### Problem
Word for word, copy each record that comes after this.

### Stored records
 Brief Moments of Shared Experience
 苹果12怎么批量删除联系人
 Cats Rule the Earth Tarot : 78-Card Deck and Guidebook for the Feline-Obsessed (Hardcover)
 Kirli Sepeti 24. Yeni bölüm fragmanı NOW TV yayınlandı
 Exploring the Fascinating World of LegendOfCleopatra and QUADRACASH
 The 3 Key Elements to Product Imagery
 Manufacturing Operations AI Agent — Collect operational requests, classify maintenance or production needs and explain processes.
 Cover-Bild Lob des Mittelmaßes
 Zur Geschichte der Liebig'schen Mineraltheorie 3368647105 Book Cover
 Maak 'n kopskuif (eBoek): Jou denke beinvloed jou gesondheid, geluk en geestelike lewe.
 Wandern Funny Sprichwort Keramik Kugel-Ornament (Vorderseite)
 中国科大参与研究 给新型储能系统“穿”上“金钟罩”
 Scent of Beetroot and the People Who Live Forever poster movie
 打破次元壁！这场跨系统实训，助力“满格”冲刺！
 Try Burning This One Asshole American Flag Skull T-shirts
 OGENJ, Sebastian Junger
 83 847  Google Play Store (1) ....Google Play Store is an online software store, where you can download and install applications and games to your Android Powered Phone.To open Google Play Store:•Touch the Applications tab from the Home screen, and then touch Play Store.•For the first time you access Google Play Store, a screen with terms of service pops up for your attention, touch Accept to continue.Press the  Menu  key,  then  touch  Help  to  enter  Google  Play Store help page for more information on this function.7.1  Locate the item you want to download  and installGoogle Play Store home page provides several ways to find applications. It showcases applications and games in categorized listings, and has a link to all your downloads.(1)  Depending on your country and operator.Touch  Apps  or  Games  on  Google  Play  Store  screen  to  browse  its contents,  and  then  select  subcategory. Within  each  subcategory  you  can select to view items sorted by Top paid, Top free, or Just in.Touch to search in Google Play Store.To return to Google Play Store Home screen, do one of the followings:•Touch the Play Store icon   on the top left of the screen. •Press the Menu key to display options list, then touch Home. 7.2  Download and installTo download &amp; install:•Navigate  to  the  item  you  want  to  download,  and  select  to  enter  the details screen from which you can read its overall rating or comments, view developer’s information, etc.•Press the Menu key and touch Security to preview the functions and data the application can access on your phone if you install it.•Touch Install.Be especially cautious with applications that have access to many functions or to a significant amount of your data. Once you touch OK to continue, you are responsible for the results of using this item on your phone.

### Exercise response
 Brief Moments of Shared Experience
 苹果12怎么批量删除联系人
 Cats Rule the Earth Tarot : 78-Card Deck and Guidebook for the Feline-Obsessed (Hardcover)
 Kirli Sepeti 24. Yeni bölüm fragmanı NOW TV yayınlandı
 Exploring the Fascinating World of LegendOfCleopatra and QUADRACASH
 The 3 Key Elements to Product Imagery
 Manufacturing Operations AI Agent — Collect operational requests, classify maintenance or production needs and explain processes.
 Cover-Bild Lob des Mittelmaßes
 Zur Geschichte der Liebig'schen Mineraltheorie 3368647105 Book Cover
 Maak 'n kopskuif (eBoek): Jou denke beinvloed jou gesondheid, geluk en geestelike lewe.
 Wandern Funny Sprichwort Keramik Kugel-Ornament (Vorderseite)
 中国科大参与研究 给新型储能系统“穿”上“金钟罩”
 Scent of Beetroot and the People Who Live Forever poster movie
 打破次元壁！这场跨系统实训，助力“满格”冲刺！
 Try Burning This One Asshole American Flag Skull T-shirts
 OGENJ, Sebastian Junger
 83 847  Google Play Store (1) ....Google Play Store is an online software store, where you can download and install applications and games to your Android Powered Phone.To open Google Play Store:•Touch the Applications tab from the Home screen, and then touch Play Store.•For the first time you access Google Play Store, a screen with terms of service pops up for your attention, touch Accept to continue.Press the  Menu  key,  then  touch  Help  to  enter  Google  Play Store help page for more information on this function.7.1  Locate the item you want to download  and installGoogle Play Store home page provides several ways to find applications. It showcases applications and games in categorized listings, and has a link to all your downloads.(1)  Depending on your country and operator.Touch  Apps  or  Games  on  Google  Play  Store  screen  to  browse  its contents,  and  then  select  subcategory. Within  each  subcategory  you  can select to view items sorted by Top paid, Top free, or Just in.Touch to search in Google Play Store.To return to Google Play Store Home screen, do one of the followings:•Touch the Play Store icon   on the top left of the screen. •Press the Menu key to display options list, then touch Home. 7.2  Download and installTo download &amp; install:•Navigate  to  the  item  you  want  to  download,  and  select  to  enter  the details screen from which you can read its overall rating or comments, view developer’s information, etc.•Press the Menu key and touch Security to preview the functions and data the application can access on your phone if you install it.•Touch Install.Be especially cautious with applications that have access to many functions or to a significant amount of your data. Once you touch OK to continue, you are responsible for the results of using this item on your phone.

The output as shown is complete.